Figure 1 (A) The flowchart of experimental design. (B) Schematic of experimental setup. One-day-old male C57BL/6 mice were intraperitoneally injected with 30 μl of MPyV (105 copies/μl). All mice were individually housed in a biosafety level 2 room until week 9. IRI was established by clamping the left renal pedicle for 30 min. IS treatment was achieved by gastric gavage of tacrolimus (2.5 mg/kg) and mycophenolic acid (50 mg/kg) daily. The control group did not receive any treatment. MPyV, mouse polyomavirus; IRI, ischemia–reperfusion injury; IS, immunosuppressant; BKPyVAN, BK polyomavirus-associated nephropathy; WGCNA, weighted gene correlation network analysis; KEGG, Kyoto Encyclopedia of Genes and Genomes; PPI, protein–protein interaction; mRNA-seq, messenger RNA sequencing.
Histological Evaluation
Kidneys were fixed in 10% neutral-buffered formalin and embedded in paraffin. The paraffin sections of 3-μm thickness were stained with H&E. The slides were observed by an experienced renal pathologist (S-CY) in a single-blind fashion to evaluate the morphology evidence of IRI and polyomavirus infection. IRI mainly presented as acute renal tubular injury, which was defined as tubular dilatation, epithelial swelling, flattening, sloughing, or coagulative necrosis in non-atrophic tubules. MPyV infection was histopathologically defined as the presence of viral inclusion bodies.

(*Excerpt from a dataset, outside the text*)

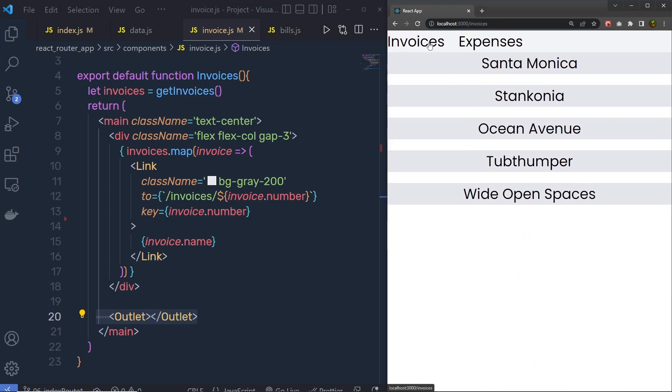Note, when you click on the invoice, the main content area goes blank. So what we have to do is fill this blank space using index route.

RNA Isolation, Library Preparation, and Sequencing
Deep sequencing of transcriptional profiling in kidney tissues was performed on day 3 and day 7 in the IRI and IS groups, respectively. For RNA-seq analysis, each RNA sample was run in triplicate. Total RNAs were extracted from samples using the RNeasyMini Kit (Qiagen, Hilden, Germany). RNA quality was assessed by using NanoDrop (Thermo Fisher Scientific, Waltham, MA, USA) and Qubit Fluorometer (Invitrogen, Carlsbad, CA, USA). High-quality RNA samples (28 S/18 S = 2.0–2.2, RIN > 9.0) were used to construct sequencing libraries following a standardized paired-end read procedure on the Illumina HiSeq 2000 Sequencing platform (KeyGEN, Beijing, China). The raw data in FASTQ format were processed using fastp 0.20.0 (5). Clean data (clean reads) were obtained after quality control, adapter trimming, quality filtering, and per-read quality cutting. All downstream analyses were performed on high-quality clean data. Gene expression was quantified using Salmon software 0.11.2 (6). The high-throughput RNA sequencing data reported in this study have been deposited in the Gene Expression Omnibus database (GSE192576).

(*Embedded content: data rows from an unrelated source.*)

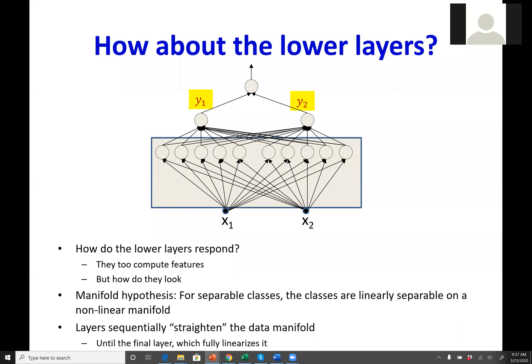This leads to the manifold hypothesis: in the input space, the classes are linearly separable on some non-linear manifold — the data lie on some curved surface, and if you could flatten that surface out the data would all be linearly separable. The reason they're not linearly separable in the original space is that the surface has been crumpled into some ugly shape. As you go through the network from bottom to top, each layer sequentially straightens out this manifold until the classes become linearly separable.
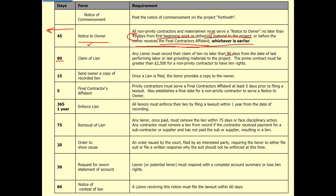Once you file the lien against the owner's property, send the owner a copy of the recorded lien. You're notifying them that you put a lien against their property and giving them an opportunity to satisfy the lien. Then there's the final contractor's affidavit: privity contractors must serve a final contractor's affidavit at least five days prior to filing a lawsuit.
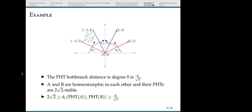Regarding multi-parameter persistent homology: the interleaving distance is an important aspect to understanding that. Were there any thoughts about sheaf-theoretic constructions over multi-parameter persistence homology?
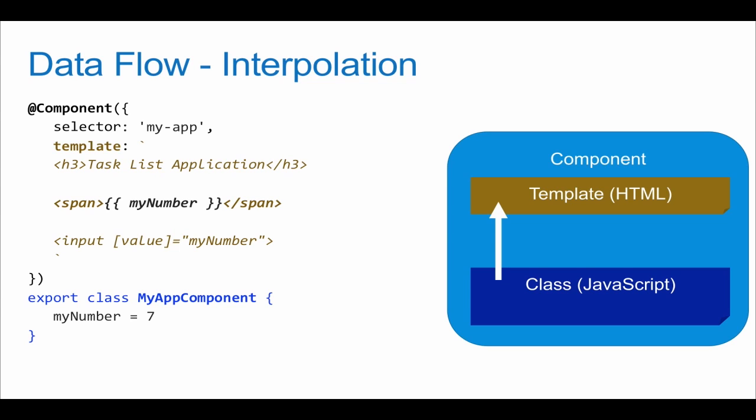Yeah, Ember uses that as well, and a lot of different server-side frameworks use something similar, like Django and Flask.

Weighted Gene Correlation Network Analysis
WGCNA was performed to select the gene modules significantly associated with IRI, IS treatment, and virus. A total of 8,550 genes in the top 35% of variance were screened from the data set to build gene networks using a scale-free topology model, using the R package WGCNA (7). In brief, we selected the power β = 6 for the weighting correlation matrix following an approximate scale-free topology criterion. Subsequently, gene expression modules with similar expression patterns were identified based on the gene cluster dendrogram and by using the dynamic tree cut method (minModuleSize = 50, mergeCutHeight = 0.3, deepSplit = 1). The unsigned network was used to build the relationships between modules and phenotypes. To identify modules that were significantly associated with the traits of samples, the module eigengenes were calculated and correlated with the groups. Modules with a p < 0.05 and Pearson’s correlation r > 0.4 were considered significantly correlated to the sample trait. Genes in the significantly correlated modules were considered to be putative genes related to the group.

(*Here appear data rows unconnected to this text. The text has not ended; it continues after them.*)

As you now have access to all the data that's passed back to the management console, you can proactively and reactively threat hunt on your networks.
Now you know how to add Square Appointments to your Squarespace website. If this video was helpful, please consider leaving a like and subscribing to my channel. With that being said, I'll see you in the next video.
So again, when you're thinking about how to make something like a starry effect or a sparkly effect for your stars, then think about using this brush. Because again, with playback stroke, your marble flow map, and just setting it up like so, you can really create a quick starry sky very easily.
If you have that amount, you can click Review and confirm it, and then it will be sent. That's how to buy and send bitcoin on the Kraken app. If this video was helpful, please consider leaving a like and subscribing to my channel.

Pathway Enrichment Analysis
KEGG is a database for systematic analysis of gene function, which links genomic information with higher-level function information (8). After genes correlated to the phenotypes by WGCNA were obtained, the R package clusterProfiler (9) was used to perform KEGG pathway over-representation analysis, at a cutoff of p < 0.05.
Protein–Protein Interaction Analysis
The mouse protein–protein interaction (PPI) network used in this analysis was retrieved from the STRING database (version 11.0), with medium confidence >0.7. The PPI network was constructed with genes in the Modules significantly correlated with clinical trials and was visualized using Cytoscape software (version 3.7.1). Hub genes of PPI networks are highly connected nodes with particular biological properties and are more conserved than non-hubs. Hub genes were calculated and identified by Closeness algorithms using cytoHubba analysis (10). Finally, the top 10 genes conditioned on MNC, EPC, and Closeness were screened separately.
Validation Using the Published BK Polyomavirus-Associated Nephropathy Datasets
To test whether the core genes screened in mice with MPyV infection are also expressed in human BKPyVAN, we downloaded two microarray datasets from the Gene Expression Omnibus database at the National Center for Biotechnology Information (https://www.ncbi.nlm.nih.gov/geo/) and identified differentially expressed genes by using the limma package. The microarray dataset GSE75693 included 30 patients with stable kidney transplantation and 15 with BKPyVAN (11). The dataset GSE47199 contained three BKPyVAN biopsies and 11 normal biopsies (12).
Statistical Analyses
Continuous data were presented as mean ± SD if normally distributed, or as median and interquartile range if non-normally distributed. Categorical variables were presented as frequency (percentage). Two groups were compared using Student’s t-test and multiple groups with the one-way ANOVA and least significant difference (LSD) tests if normality was assumed. If non-normality was assumed, the Mann–Whitney U test (two independent groups) or the Kruskal–Wallis test (multiple groups) was used. For comparing pre- versus post-treatment, paired t-test was used. Repeated measurements were compared by repeated-measures ANOVA. All statistical analyses were 2-tailed, and p-value <0.05 was considered statistically significant. Statistical analyses were performed using SPSS version 20 (IBM, Armonk, NY, USA) and GraphPad Prism 8 (GraphPad, La Jolla, CA, USA).
Results
Persistent Mouse Polyomavirus Infection in Kidney of C57BL/6 Mice
Figure 2 shows the viral dynamics in the left kidney and blood after primary infection. MPyV viral loads in the left kidney and blood peaked on day 12 and gradually decreased. MPyV viral loads in the kidney were maintained at approximately 104 copies/mg at and beyond week 9, while MPyV viral loads in the blood dropped below the detection threshold after 80 days. Figure 2 demonstrates that MPyV latent infection was successfully established in mice.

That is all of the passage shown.